Arizona rancher LaVoy Finicum, one of the group members, said Tuesday evening that he believes federal officials have issued warrants for the arrest of five group members — including himself and Ammon Bundy — but Finicum offered no details.
The FBI in Portland referred calls to the Harney County Joint Information Center, which said in a statement that it had no information on arrests or arrest warrants and that authorities were “still working on a peaceful resolution.”
Bundy said group members would take a defensive position anticipating a possible raid. Late Tuesday, they moved a large plow vehicle to block the refuge’s driveway.
The younger Bundy’s anti-government group is critical of federal land stewardship. But environmentalists and others say U.S. officials should keep control for the broadest possible benefit to business, recreation and the environment.
Randy Eardley, a Bureau of Land Management spokesman, said the group’s call for land ownership transfer didn’t make sense.
“It is frustrating when I hear the demand that we return the land to the people, because it is in the people’s hand — the people own it,” Eardley said. “Everybody in the United States owns that land. … We manage it the best we can for its owners, the people, and whether it’s for recreating, for grazing, for energy and mineral development.”
The federal government controls about half of all land in the West, which would make the wholesale transfer of ownership extremely difficult and expensive.
For example, it owns 53 percent of Oregon, 85 percent of Nevada and 66 percent of Utah, according to the Congressional Research Service.
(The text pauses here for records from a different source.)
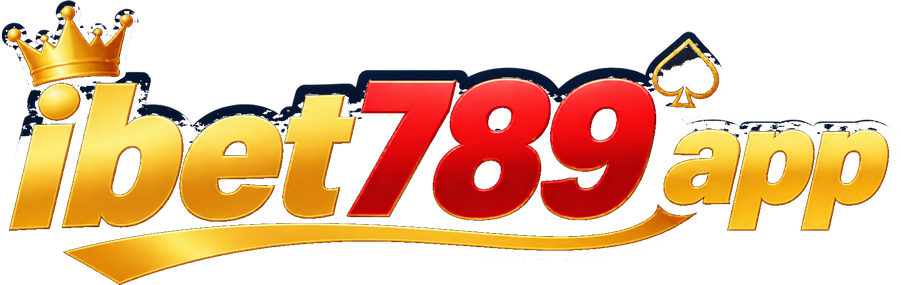 ibet789 app လိုဂို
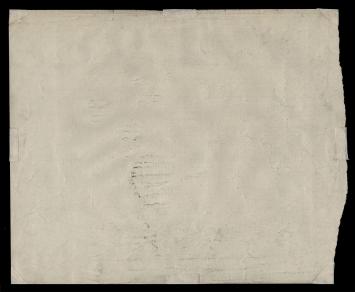 De militaire optocht (+/- 1900)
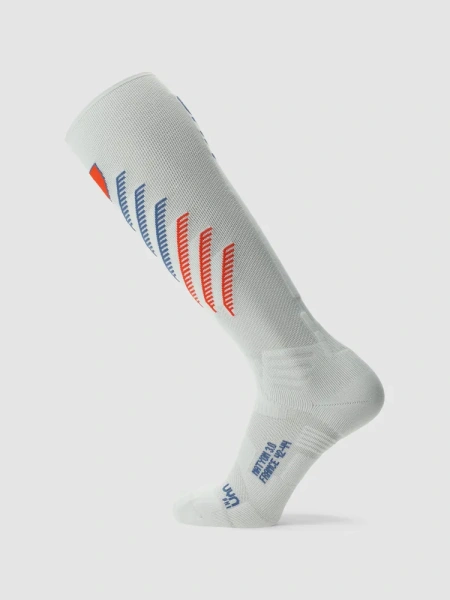 Носки горнолыжные NATYON 3.0 SOCKS France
Taking over federal public lands in Idaho could cost the state $111 million a year, according to a University of Idaho study.
Bundy said the group felt it had the support of the local community. But the county sheriff has told the group to go home, and many locals don’t want them around, fearing they may bring trouble. A community meeting was scheduled for later Wednesday.
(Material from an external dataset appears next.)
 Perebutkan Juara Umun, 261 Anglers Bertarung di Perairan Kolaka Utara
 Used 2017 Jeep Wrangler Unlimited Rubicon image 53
The group calling itself Citizens for Constitutional Freedom said it wants an inquiry into whether the government is forcing ranchers off their land after Dwight Hammond and his son, Steven, reported back to prison Monday.
The Hammonds, who have distanced themselves from the group, were convicted of arson three years ago and served no more than a year. A judge later ruled that the terms fell short of minimum sentences requiring them to serve about four more years.
Such land disputes date back decades in the West. In the 1970s, Nevada and other states pushed for local control in what was known as the Sagebrush Rebellion. Supporters wanted more land for cattle grazing, mining and timber harvesting.